**SOURCE DATA**
'''
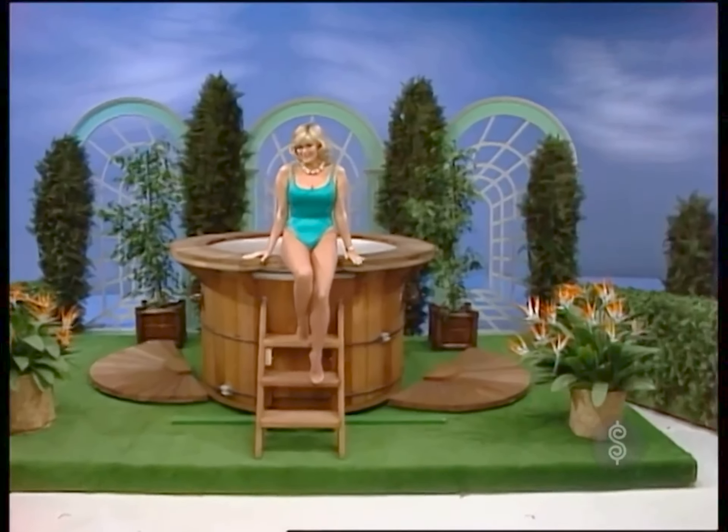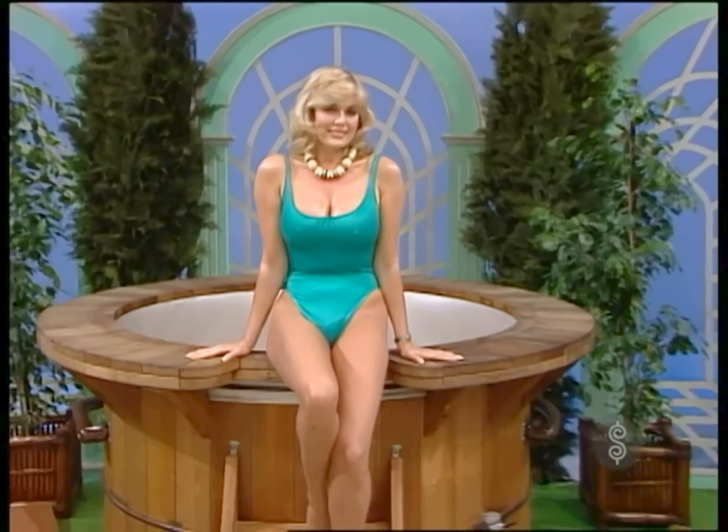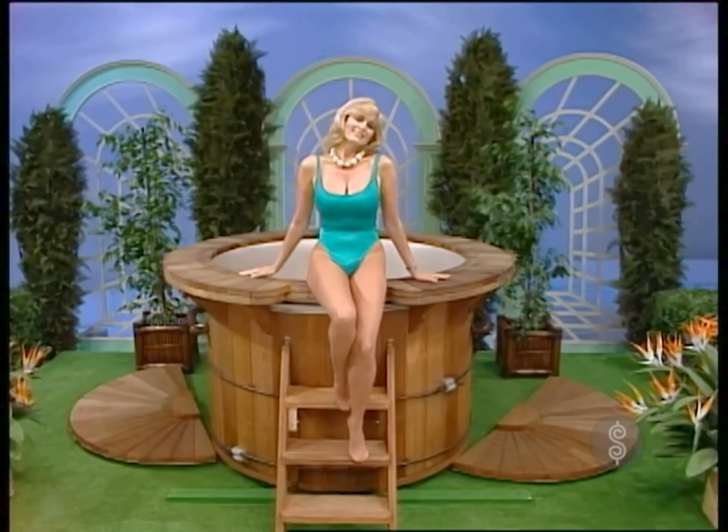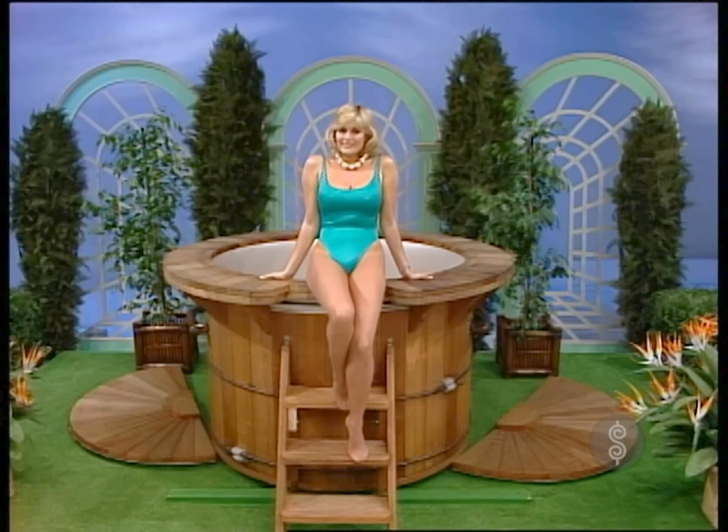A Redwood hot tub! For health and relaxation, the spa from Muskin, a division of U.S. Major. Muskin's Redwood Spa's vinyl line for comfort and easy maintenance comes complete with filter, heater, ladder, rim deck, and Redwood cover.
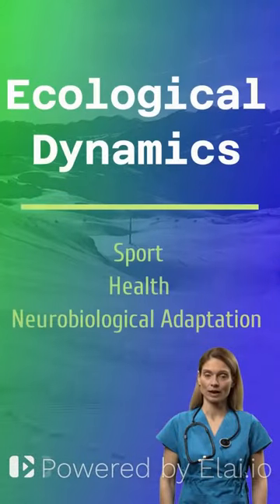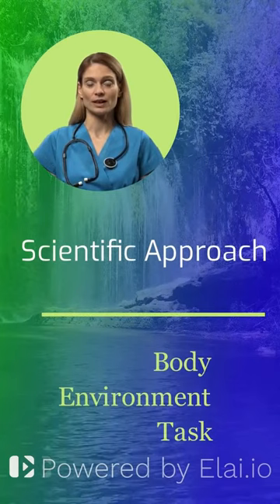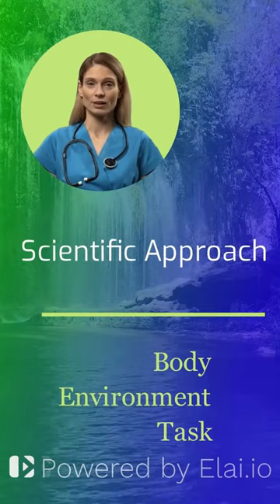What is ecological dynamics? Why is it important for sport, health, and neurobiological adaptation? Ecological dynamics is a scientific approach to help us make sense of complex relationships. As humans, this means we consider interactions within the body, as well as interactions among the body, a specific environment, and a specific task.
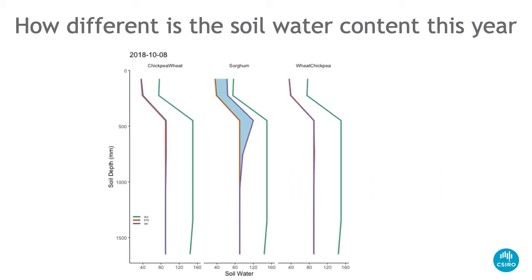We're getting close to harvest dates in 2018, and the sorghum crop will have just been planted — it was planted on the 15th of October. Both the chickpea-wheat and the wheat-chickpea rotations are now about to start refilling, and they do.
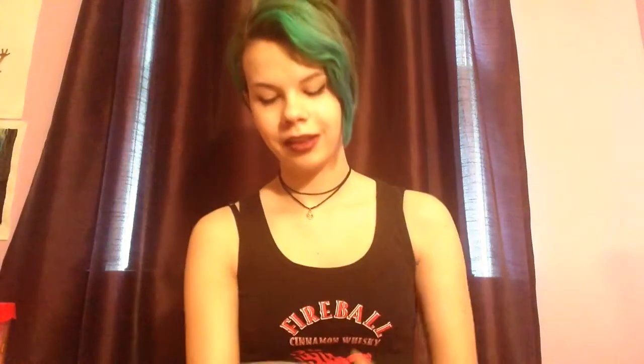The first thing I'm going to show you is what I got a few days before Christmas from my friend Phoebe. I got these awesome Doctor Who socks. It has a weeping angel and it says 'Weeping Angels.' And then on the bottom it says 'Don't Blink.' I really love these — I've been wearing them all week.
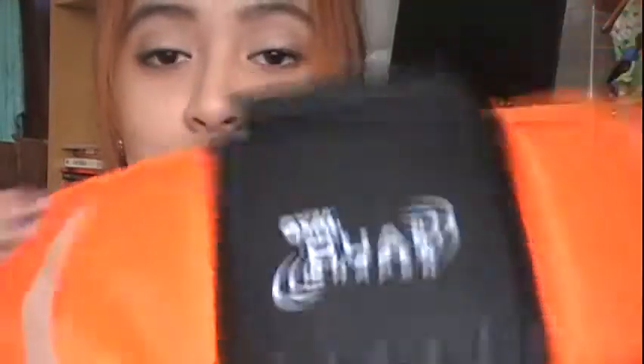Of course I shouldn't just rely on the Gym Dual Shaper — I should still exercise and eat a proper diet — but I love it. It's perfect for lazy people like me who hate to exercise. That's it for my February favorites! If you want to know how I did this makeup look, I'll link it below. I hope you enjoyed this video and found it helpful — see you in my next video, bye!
'''
**ABOUT THIS EXERCISE**
Print the material in full and exactly, minus the pictures.

**FINISHED TASK**
A Redwood hot tub! For health and relaxation, the spa from Muskin, a division of U.S. Major. Muskin's Redwood Spa's vinyl line for comfort and easy maintenance comes complete with filter, heater, ladder, rim deck, and Redwood cover.
What is ecological dynamics? Why is it important for sport, health, and neurobiological adaptation? Ecological dynamics is a scientific approach to help us make sense of complex relationships. As humans, this means we consider interactions within the body, as well as interactions among the body, a specific environment, and a specific task.
We're getting close to harvest dates in 2018, and the sorghum crop will have just been planted — it was planted on the 15th of October. Both the chickpea-wheat and the wheat-chickpea rotations are now about to start refilling, and they do.
The first thing I'm going to show you is what I got a few days before Christmas from my friend Phoebe. I got these awesome Doctor Who socks. It has a weeping angel and it says 'Weeping Angels.' And then on the bottom it says 'Don't Blink.' I really love these — I've been wearing them all week.
Of course I shouldn't just rely on the Gym Dual Shaper — I should still exercise and eat a proper diet — but I love it. It's perfect for lazy people like me who hate to exercise. That's it for my February favorites! If you want to know how I did this makeup look, I'll link it below. I hope you enjoyed this video and found it helpful — see you in my next video, bye!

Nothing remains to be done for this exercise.